ASSIGNED TASK —
Reproduce the records below exactly, but leave their pictures out of the copy.

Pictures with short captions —
==================================================

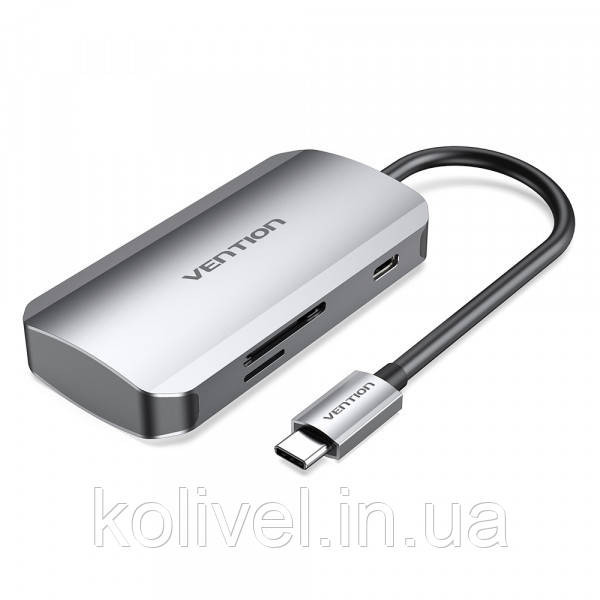 Хаб USB 3.1 Type-C -> 3хUSB 3.0/SD/TF/PD 100W 6-in-1 Vention (TNHHB) Київ - фото 1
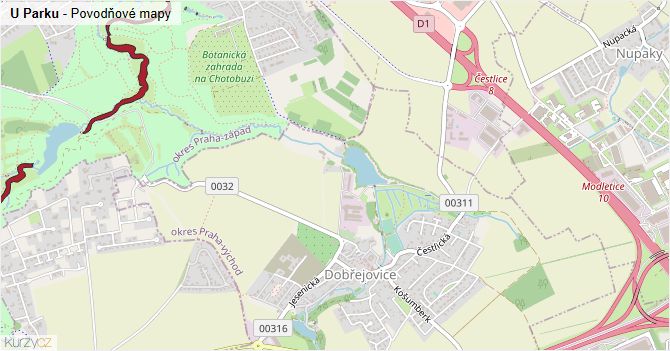 U Parku - záplavové mapy stoleté vody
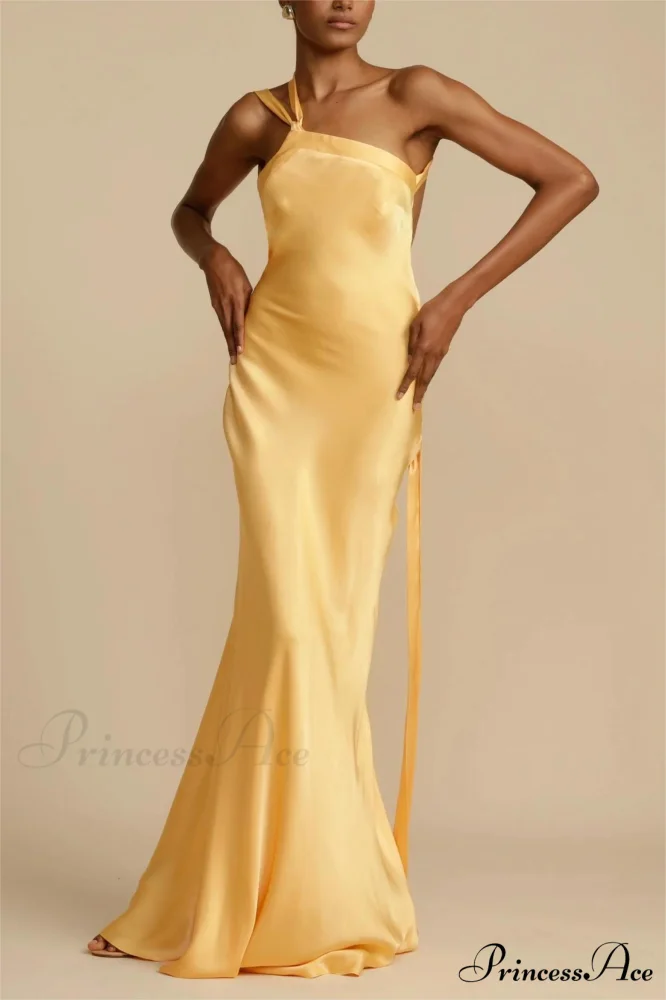 Moonlit Soiree Satin Asymmetrical One Trendy Shouder Backless Strap Maxi Dress - Image 9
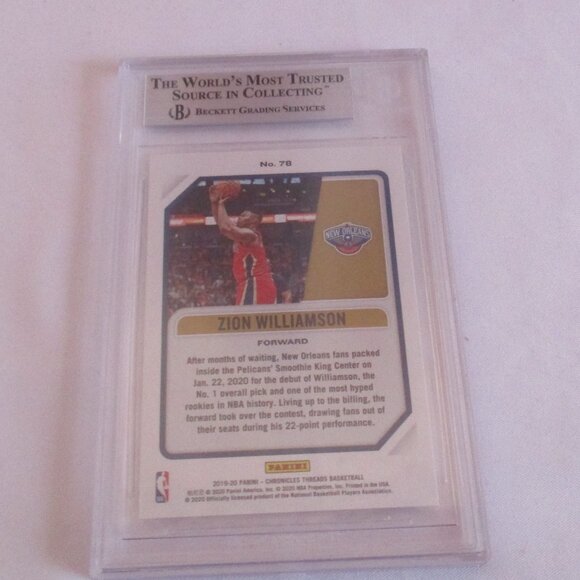 2019-20 PANINI CHRONICLES #78 ZION WILLIAMSON THREADS NM MT+ 8.5 - Picture 4 of 4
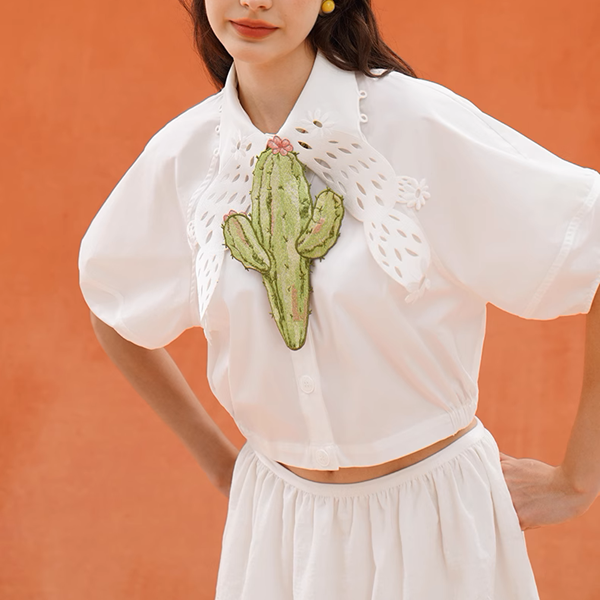 胸に咲くサボテンの記憶ネクタイ《C0222》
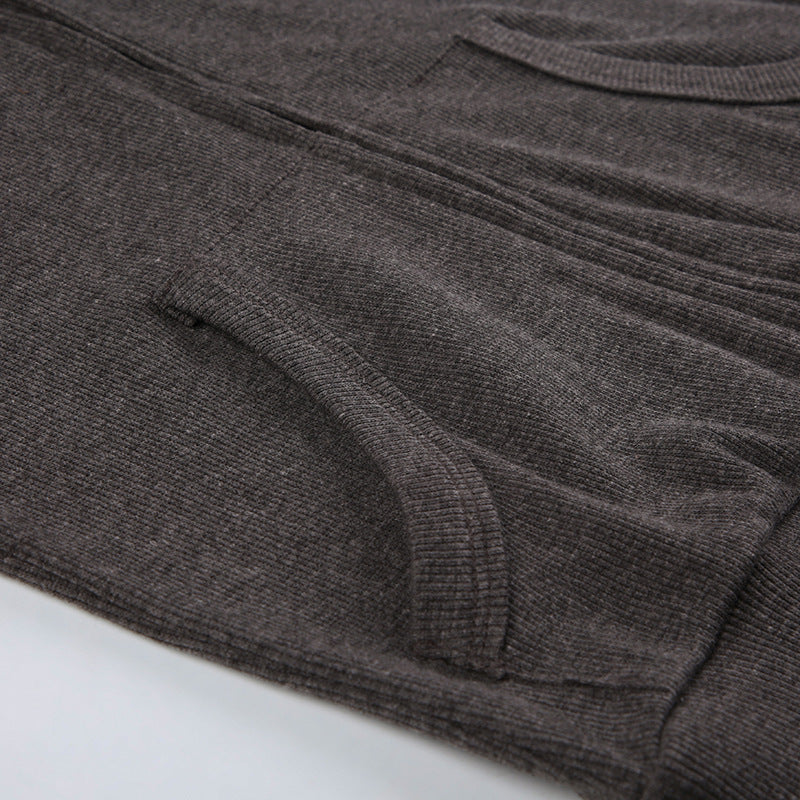 Women's Gray Ribbed Hooded Zip-Up Short Cardigan Sweater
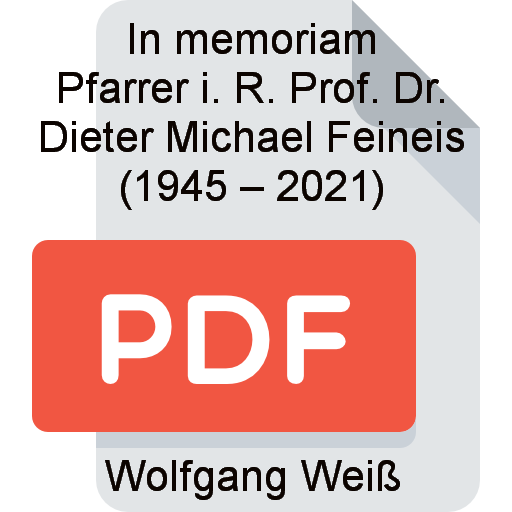 Z in memoriam Pfarrer Dieter Michael Feineis 2021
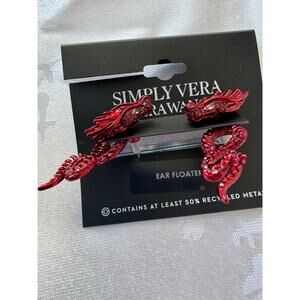 Simply Vera Vera Wang Red Dragon Ear Floaters Earrings Fantasy Goth Jewelry NWT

==================================================

OUTPUT OF THE EXERCISE —
 Хаб USB 3.1 Type-C -> 3хUSB 3.0/SD/TF/PD 100W 6-in-1 Vention (TNHHB) Київ - фото 1
 U Parku - záplavové mapy stoleté vody
 Moonlit Soiree Satin Asymmetrical One Trendy Shouder Backless Strap Maxi Dress - Image 9
 2019-20 PANINI CHRONICLES #78 ZION WILLIAMSON THREADS NM MT+ 8.5 - Picture 4 of 4
 胸に咲くサボテンの記憶ネクタイ《C0222》
 Women's Gray Ribbed Hooded Zip-Up Short Cardigan Sweater
 Z in memoriam Pfarrer Dieter Michael Feineis 2021
 Simply Vera Vera Wang Red Dragon Ear Floaters Earrings Fantasy Goth Jewelry NWT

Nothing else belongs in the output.